As an actual show in its own right, Musketeers is pretty much a failure - it's narratively shapeless, the comedy is too edgeless and generic to bring any laughs, and even the character art isn't terribly compelling. On top of that, as someone who's not invested in the original game, the fact that these characters are designed to simply echo their historical moment actually makes me less able to care about them; their quirks don't come off as human foibles, they come as knowing winks to dedicated weapon history enthusiasts. There's also nothing about the larger world these characters inhabit that feels either convincing or intriguing - as I said, the narrative mostly seems like the most briefly explainable excuse to anthropomorphize these characters in the first place, while the larger motions of the plot are driven by an unseen “master” who seems to represent the game's player character. And in terms of its own subgenre, Musketeers can't match the aesthetic appeal of a show like ufotable's Touken Ranbu, or the slice of life focus and convincing atmosphere of the other Touken Ranbu adaptation. All in all, while Musketeers isn't an actively unpleasant experience or anything, I see nothing here that I'd recommend to anyone but dedicated fans of the actual game.


Rebecca Silverman

Rating:

I must admit that I had hoped the title of this show was hyperbolizing – clearly there couldn't really be one thousand musketeers. Sadly for those of us who have trouble with names, that doesn't appear to be the case, something that may be attributable to the show's mobile game roots, which has a collection aspect to it. The problem here is that there may have been too much of an effort to cram as many of the characters into this first episode as possible, which may be good from a marketing perspective, but from a storytelling one, it just gums up the works.

The story itself has some promise, especially if you're a fan of antique guns. The base plotline of an evil World Empire having bought peace with tyranny and then foolishly deciding that antique weapons could remain in museums because there was no way anyone could possibly use them to stage an armed rebellion. The poor fools clearly were not counting on human desperation, which somehow or other resulted in the guns becoming people and fighting successfully with antiquated firearms against armored tanks and guys with machine guns. It's got the makings of a good underdog story in that respect, and the attention to detail when the actual guns are shown is really impressive. From ripping open a packet of powder with their teeth to the careful details of the firing mechanisms, it's interesting and exciting in a way that other stories don't need to be. Someone was really paying attention, and it shows.

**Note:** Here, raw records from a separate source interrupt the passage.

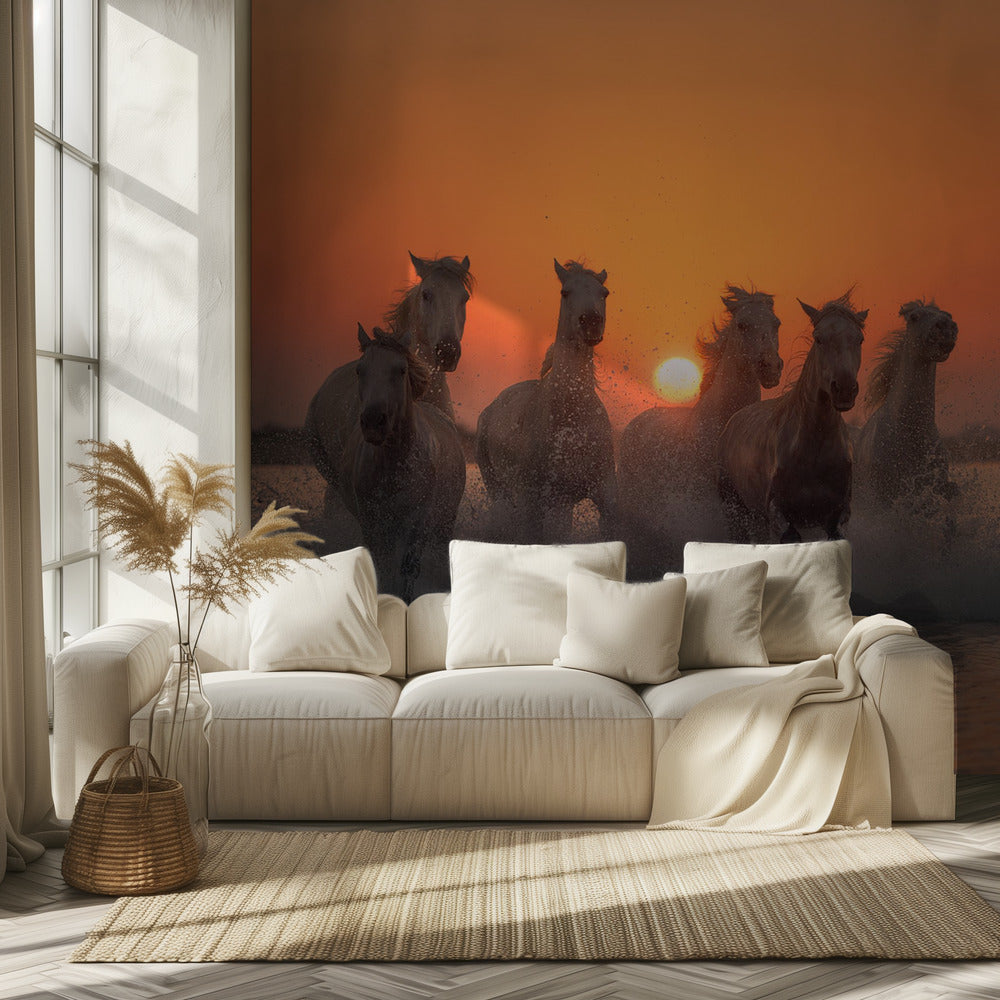 Zonsondergang in de Camargue | Fotobehang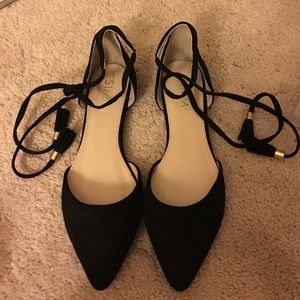 black lace up flats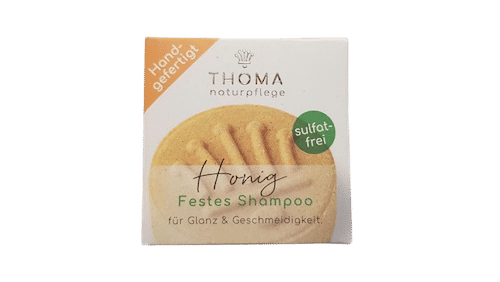 Festes Shampoo mit Honig und Weizenkeimöl - Glanzshampoo - Thoma 55 g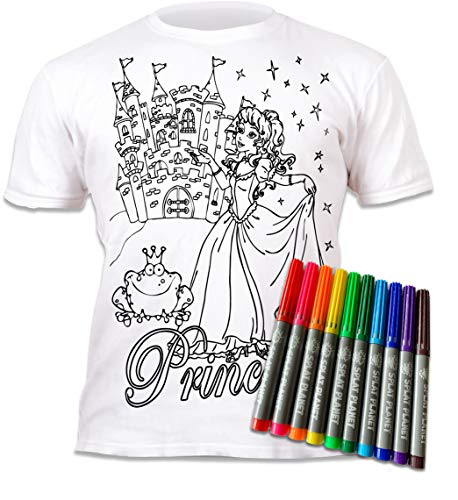 Splat Planet Camiseta de Princesa para Colorear con 10 bolígrafos mágicos Lavables no tóxicos - Camiseta para Colorear y Lavar (7-8 años)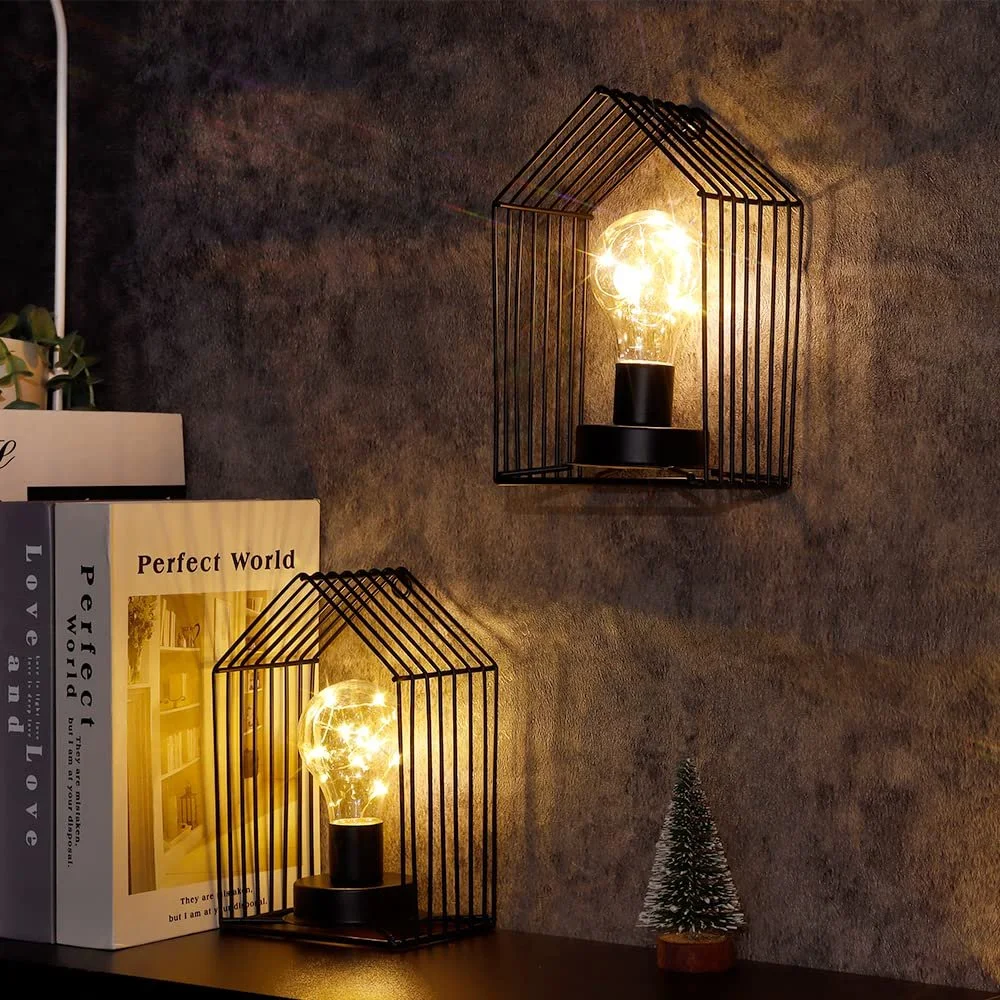 Настільна лампа JHY DESIGN Vintage 16 см Таймер 6 годин Чорна вежа (2 шт), фото №2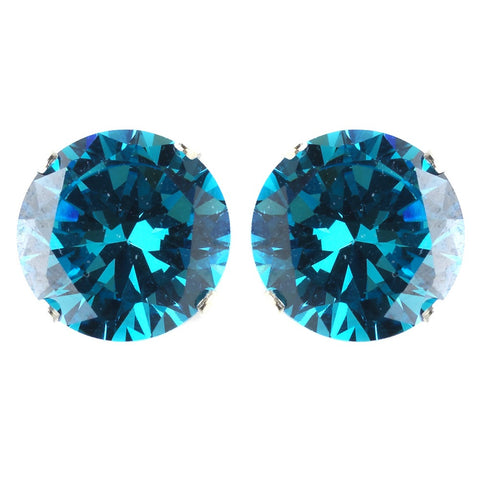 9mm Sterling Silver Round Aqua CZ Crystal Stud Bridal Wedding Earrings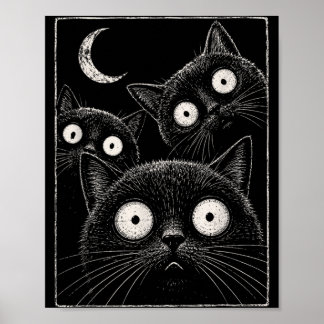 Spooky Black Cat Moon Gothic Cute Halloween Poster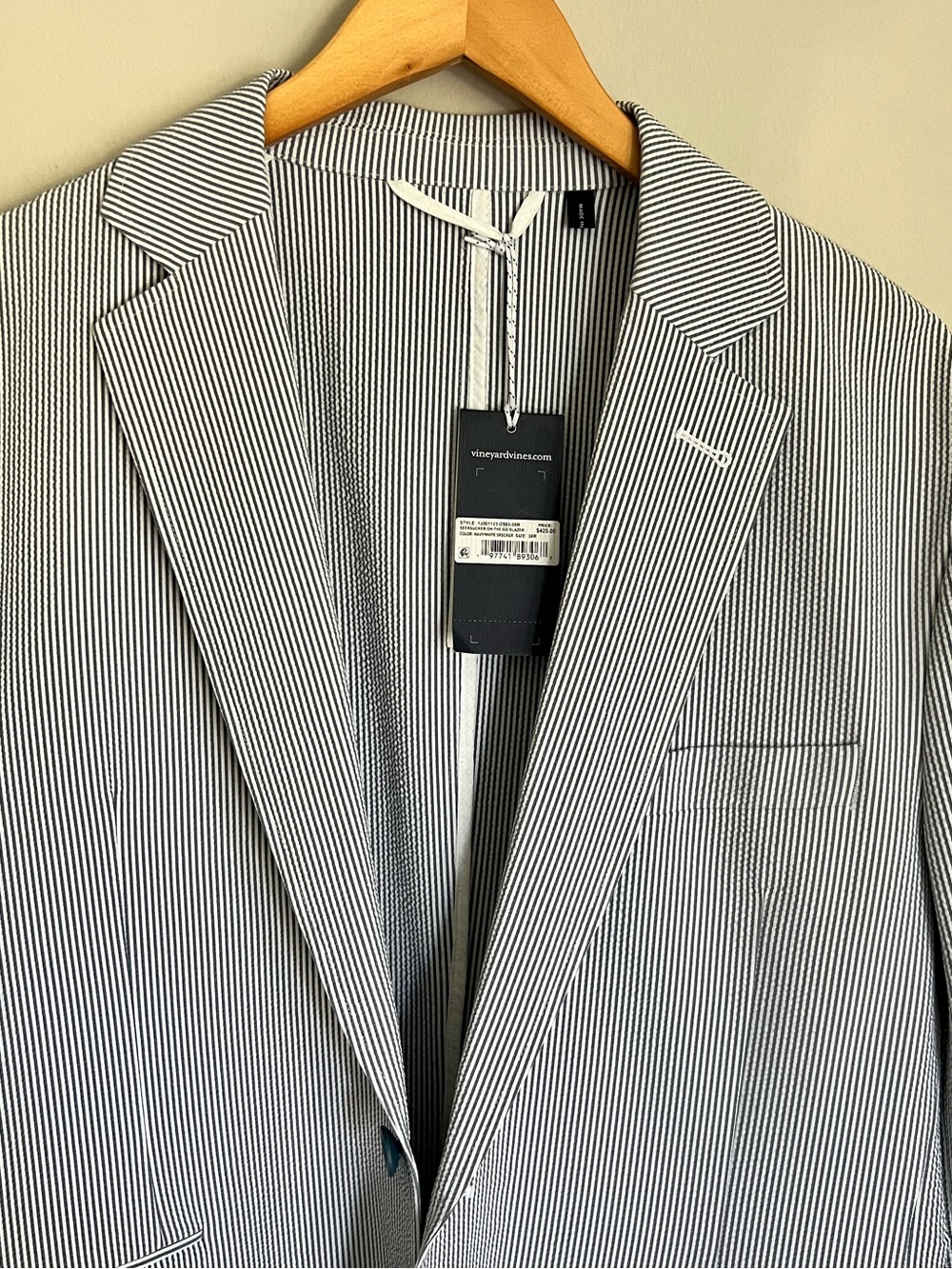 VINEYARD VINES Men’s Seersucker On The Go Sportcoat Size 38R - Picture 2 of 10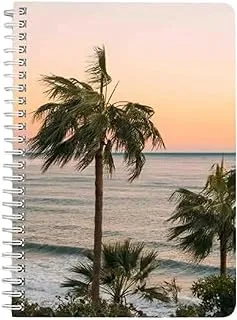 Lowha Palm Trees Near Body of Water 60 Sheets Spiral Notebook for School or Business, A5 Size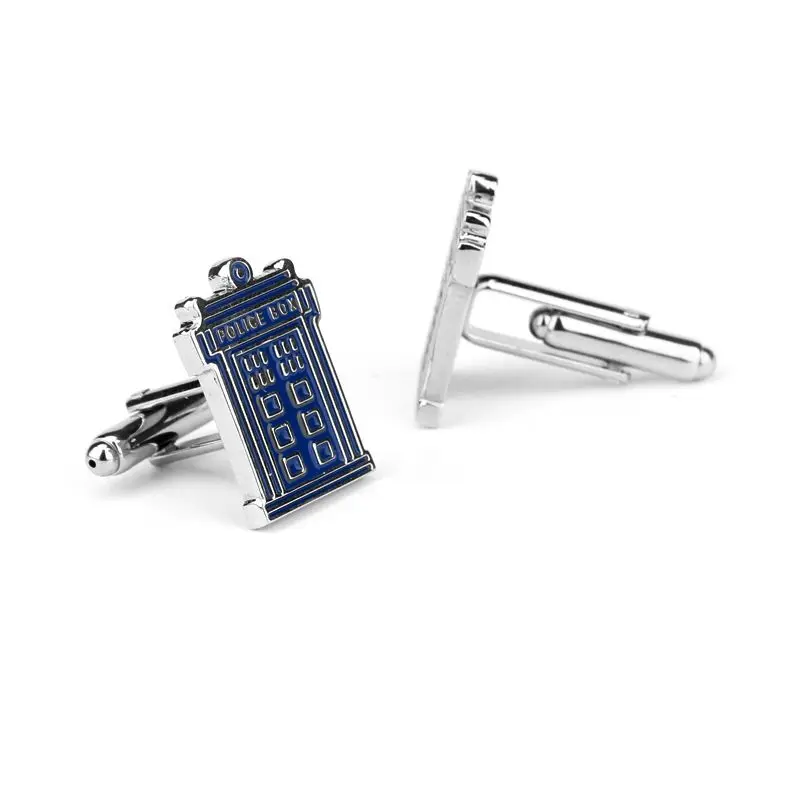 Лидер продаж модные запонки из американской ТВ серии Доктор Кто с голубым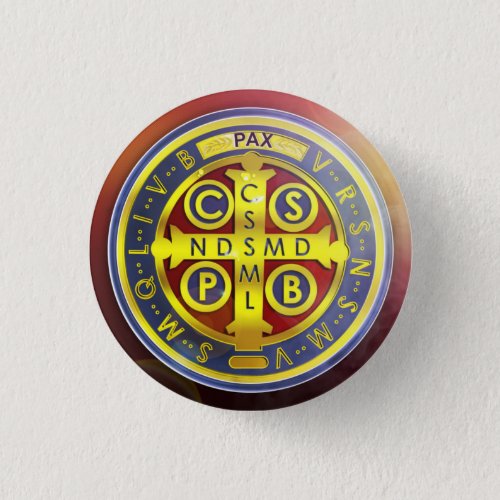 Saint Benedict Medal Button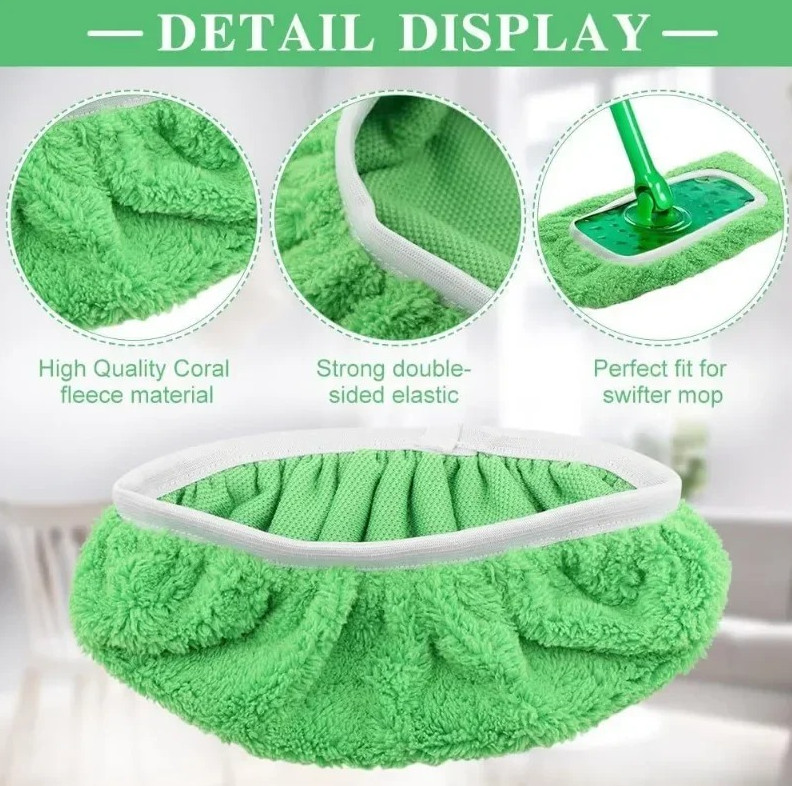 6pcs Reusable Microfiber Mop Pads – Wet & Dry Sweeper Cleaning Cloths for Floor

This, unfortunately, doesn't cross over with the very modern interpretations of the antique uniforms (what is going on with Kentucky?), and honestly, there are simply too many characters introduced to fully appreciate most of them in terms of design or personality. It does look as if Brown Bess is going to be a main character, but beyond that it feels a bit uncertain. Given that this is a story about the little guy triumphing over the evil army, I do think that we're going to need to have a specific small group of characters to root for, and if that doesn't come clear in the next couple of episodes, the story risks not quite getting off the ground.

That's essentially where I stand on this initial offering – it's not quite achieving liftoff. It has some beautiful details, and the starkness of the Empire-run towns is striking. The final quarter of the episode is the best in terms of pacing and the focus on fewer characters, but it can't quite make up for the first three-quarters. If you're looking for your ikemen show, this will deliver on the visuals, but the plot is going to bear monitoring to see if it can keep up.